Trinta e cinco anos depois de se ter iniciado a caminhada para a adopção dos princípios civilizacionais de respeito pela dignidade humana e se ter feito a aposta na modernidade com vista à construção de prosperidade na liberdade e na paz, sinais complicados sugerem alguma tendência para se reverter o processo. É verdade que tudo indica que o país não está a crescer suficientemente, que a produtividade é baixa e que não é suficientemente competitivo. Mas o mais preocupante é o que as sondagens indiciam da perda tendencial de confiança nas instituições, nos actores políticos e no futuro do país. Algo em que são os próprios os principais responsáveis na luta vã para tirar dividendos pela via de culpar os outros e de se entregarem a tacticismos infantis que segundo António Guerreiro do jornal Público faz “da vida política uma competição de recreio ou um cenário de desenho animado pueril e regressivo”.
O que parece faltar é a ousadia para se interrogar sobre os constrangimentos que impedem que o país cresça mais, crie mais empregos e melhore os salários existentes.

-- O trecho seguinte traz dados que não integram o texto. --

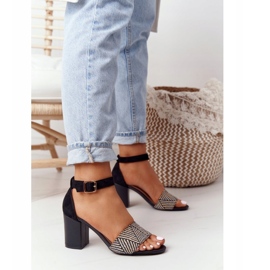 EVE Black Honeymoon Sandals With Braided On A Bar 3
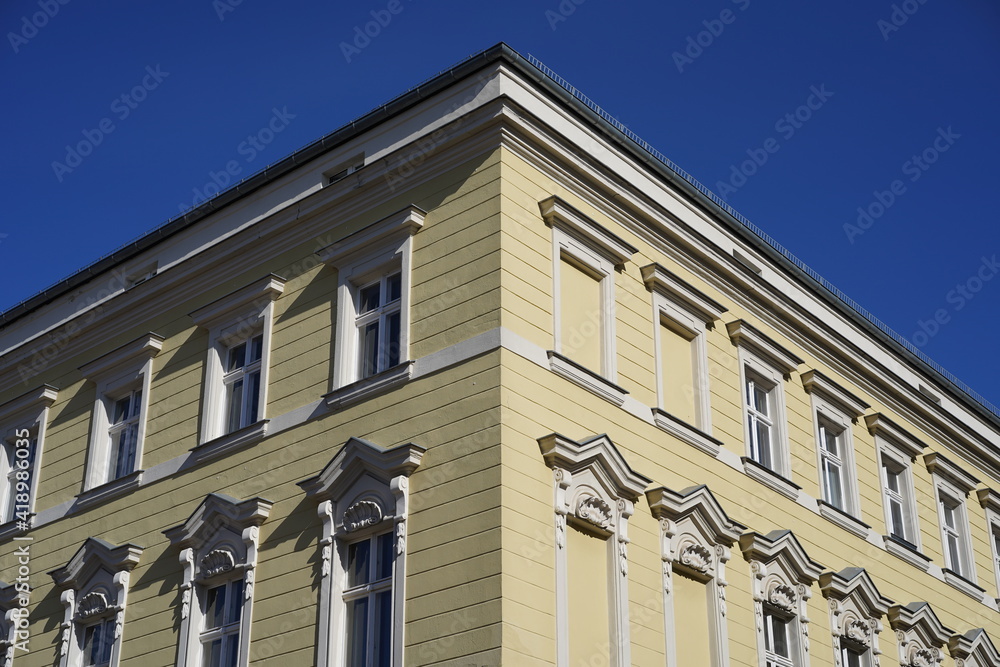 Historisches Haus in Potsdam bei Sonnenschein und blauem Himmel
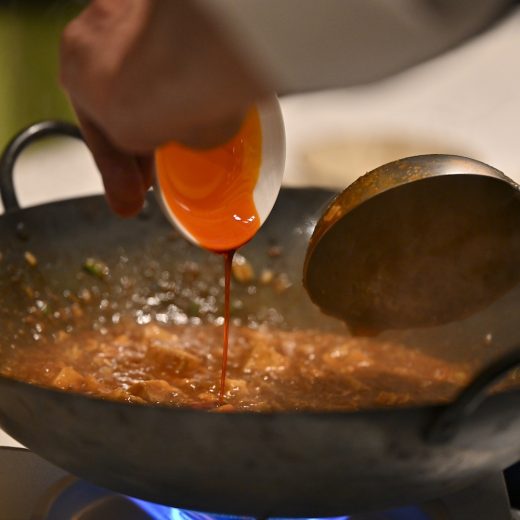 麻婆豆腐を調理中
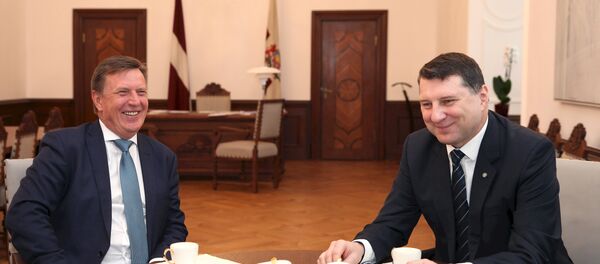 Премьер-министр Марис Кучинскис (слева) на встрече с президентом Раймондсом Вейонисом Премьер-министр Марис Кучинскис (слева) на встрече с президентом Раймондсом Вейонисом - Sputnik Latvija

Diferentemente do que aconteceu há trinta e cinco anos, quando um regime monolítico abriu uma fresta e rapidamente da sociedade civil surgiu uma declaração política e pessoas dispostas a explorar as novas possibilidades, Cabo Verde parece um país de autocensurados. Já há muito que regularmente se trazia à baila a questão da autocensura na comunicação social. Recentemente no programa de Carlos Santos na RCV fez-se referência a economistas que se autocensuram e não aceitam comentar o estado da economia. É de se perguntar se é um caso isolado ou se abrange outras classes profissionais, o que seria um sinal do fraco retorno do enorme investimento feito ao longo dos anos no capital humano do país.
Sem essa vitalidade crítica na sociedade civil e no interior dos partidos para visionar, questionar e para propor fica difícil o país encontrar um caminho para sair dos bloqueios actuais. Com o mundo a mudar rapidamente no sentido de maiores incertezas, a tentação geral, infelizmente, não tem sido o de procurar soluções criativas que promovam a cooperação e a confiança entre pessoas. Vai-se pela aposta no discurso anti-elites, alimenta-se o ressentimento e a inveja e apresenta-se, como solução para os problemas das pessoas, a redistribuição de rendimentos. Esquece-se que fórmulas similares já foram aplicadas em Cabo Verde nos primeiros anos de independência. Hostilidade a elites, apelos a luta de classes, e acusações de exploração só fizeram o país perder oportunidades e chegar a 1990 com uma economia estagnada e rendimento per capita de 817,4 dólares.
A grande questão não é porque há pobreza no mundo, mas sim como se cria riqueza que pode tirar as populações da miséria e permitir-lhes uma vida livre e próspera com autonomia. Para isso é preciso ousar como se fez em 1990 em todos os cantos do país para que Cabo Verde fosse hoje um país da liberdade e da democracia.
Humberto Cardoso
Texto originalmente publicado na edição impressa do Expresso das Ilhas nº 1215 de 12 de Março de 2025.